Sudah saatnya kita beralih pada sebuah sistem yang berasal dari Sang Khalik dan mencampakkan sistem kapitalis sekuler hari ini, yang nyata telah menjadi biang rusaknya tatanan keluarga. Adalah Islam sebuah agama dan peraturan yang sempurna mengatur seluruh aspek kehidupan manusia baik muslim maupun bukan muslim.
Allah SWT pun telah memberikan tuntunan bagi para kepala keluarga: “Hai orang-orang yang beriman, peliharalah dirimu dan keluargamu dari api neraka yang bahan bakarnya adalah manusia dan batu; penjaganya malaikat-malaikat yang kasar, keras, dan tidak mendurhakai Allah terhadap apa yang diperintahkan-Nya kepada mereka dan selalu mengerjakan apa yang diperintahkan.” (QS At-Tahrim [66]: 6).
Munculnya berbagai kebijakan negara yang mencerabut fungsi kepemimpinan (qawwamah) seorang ayah, membebaskan perempuan dari keterikatan terhadap aturan Islam, juga menggerus arti penting birrul walidain, sungguh akan menghancurkan keluarga. Kehancuran keluarga sama saja dengan menghancurkan Islam itu sendiri.
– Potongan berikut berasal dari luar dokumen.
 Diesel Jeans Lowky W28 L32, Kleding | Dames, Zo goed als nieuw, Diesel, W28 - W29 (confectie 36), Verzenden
Maka untuk memenuhi seruan Allah lewat ayat di atas, jelas kita butuh Khilafah selaku negara yang menerapkan aturan Allah secara kafah. Sebagai makhluk ciptaan Allah, sudah selayaknya kita meyakini bahwa hanya aturan Allah saja yang tepat untuk mengatur hidup kita. Dengan Khilafah, aspek fungsi negara sebagai pengayom dan penyelenggara aturan kehidupan akan terwujud. Hal ini karena dalam Khilafah, pemerintah adalah pihak pelaksana syariat Allah.
Hanya dalam Khilafah pula, akan terwujud sistem yang menyuburkan individu-individu yang bertakwa dan senantiasa terikat dengan hukum syarak, sehingga mereka tumbuh menjadi orang-orang yang siap membangun keluarga dan peradaban. Khilafah juga menjamin penuh keberlangsungan kontrol sosial masyarakat yang siap menjadi inkubator dakwah Islam. Peran penuh negara untuk menopang ketahanan keluarga ini sebagaimana sabda Rasulullah saw., “Imam/Khalifah adalah pengurus dan ia bertanggung jawab terhadap rakyat diurusnya.” (HR Muslim dan Ahmad).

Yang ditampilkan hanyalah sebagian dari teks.